Chinese space station plunges into the sea

April 3rd, 2018, Published in Articles: EngineerIT, Featured: EngineerIT

China’s first prototype space station.

Tiangong-1, China’s first prototype space station, re-entered the earth’s atmosphere over the South Pacific Ocean at 02h16 (CAT) on 2 April 2018 and its remains plunged into the sea somewhere North West of Tahiti.

On 21 March 2016 the China Manned Space Engineering Office announced that Tiangong-1 had officially ended its service. The telemetry link had been lost which meant that ground control could no longer activate the booster engines to keep the space station in orbit.

A few months later, amateur space enthusiasts reported that the space station was on a re-entry path. In September 2016 after conceding they had lost control over the station, officials speculated that the station would re-enter and burn up in the atmosphere late in 2017. Over the past few weeks amateur space watchers actively followed the re-entry of Tiangong-1 into the earth’s atmosphere and speculated that a large chunk of the over 550 ton station would hit somewhere in mid USA. South African space watchers reportedly spotted the decaying space station when it orbited over Cape Town on 31 March 2018.

The US Strategic command Joint Force Space Component Command (JFSCC) confirmed the demise of the space station. The organisation used the space surveillance network sensors and their orbital analysis system to confirm Tiangong’s re-entry and to refine its prediction and ultimately provide more fidelity as the re-entry time approached. The JFSCC provides operational information about re-entries and potential threats from space.
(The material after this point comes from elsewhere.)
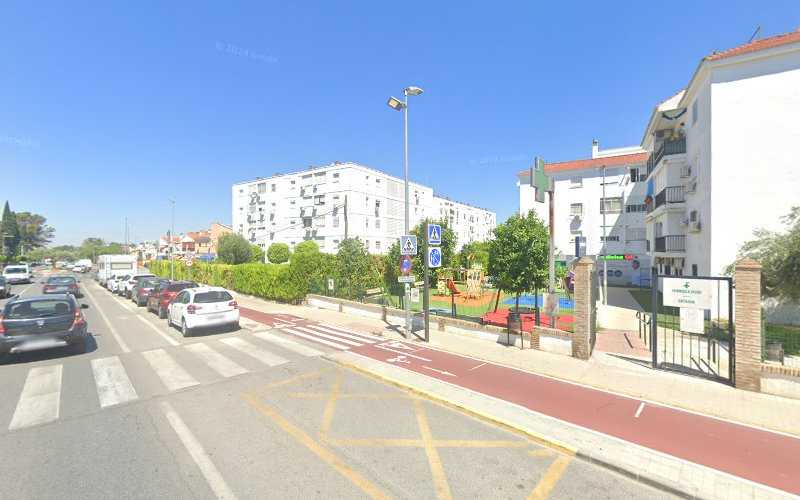 Fotografia tomada fuera de ANA BAEZA DECORACION INTERIORES, S.L. - Servicio de instalación de suelos de madera en Gines, Sevilla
Tiangong-1, literally translated means “Heavenly Palace 1”, was China’s first space station. It orbited earth from September 2011 to April 2018, serving as both a manned laboratory and an experimental testbed to demonstrate orbital rendezvous and docking capabilities during its two years of active operational life.
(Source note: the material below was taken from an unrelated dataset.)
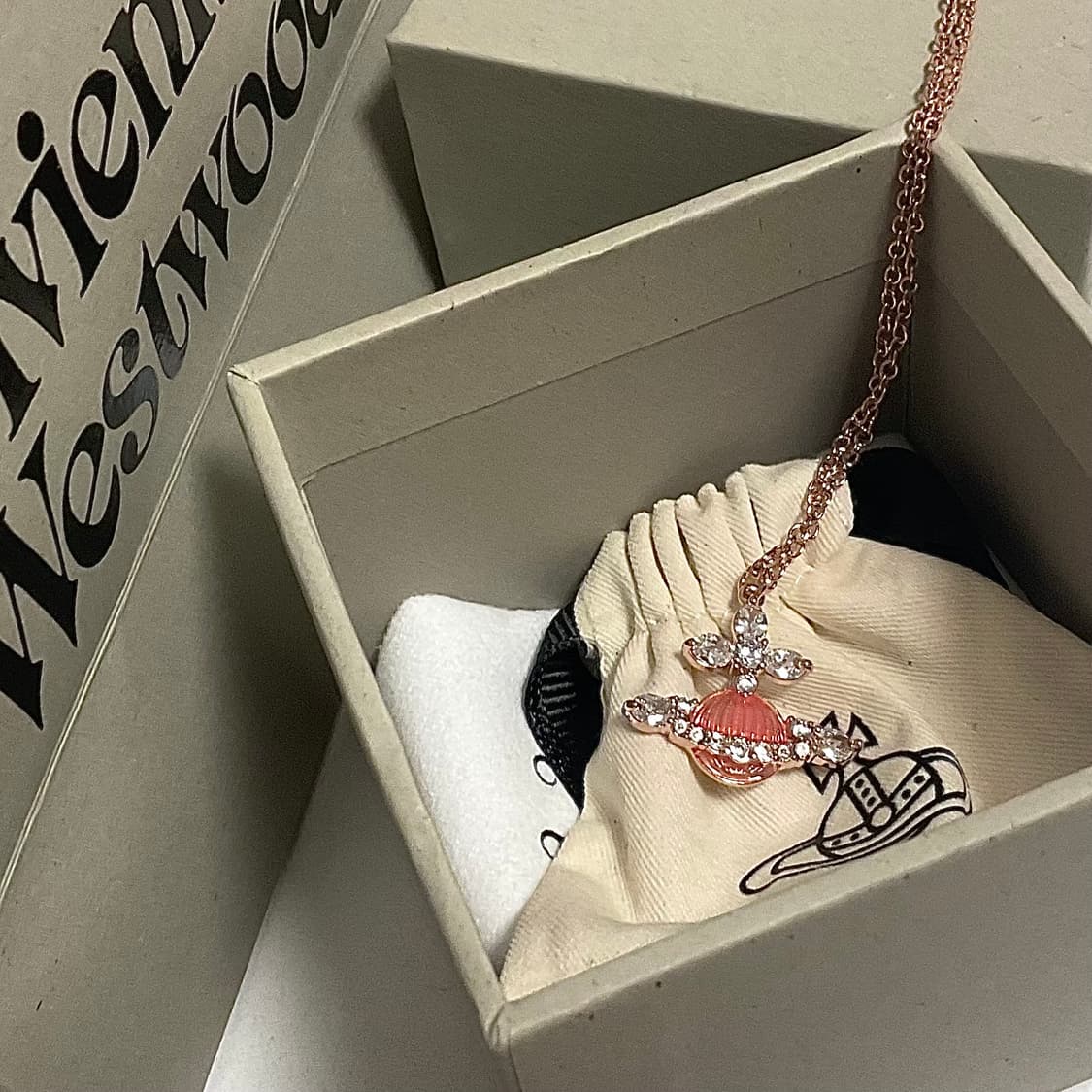 풀박스) 비비안웨스트우드 미레이 핑크 펜던트 목걸이 상품이미지1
It was launched unmanned by a Long March 2F/G rocket on 29 September 2011 and was the first operational component of the Tiangong programme, which aims to place a larger, modular station into orbit by 2023. Tiangong-1 was initially projected to be deorbited in 2013, to be replaced over the following decade by the larger Tiangong-2 and Tiangong-3 modules, but as of 31 March 2018 it was still aloft, although in a decaying orbit.

Tiangong-1 was visited by a series of Shenzhou spacecraft during its two-year operational lifetime. The manned missions to Tiangong-1 included China’s first female astronauts, Liu Yang and Wang Yaping.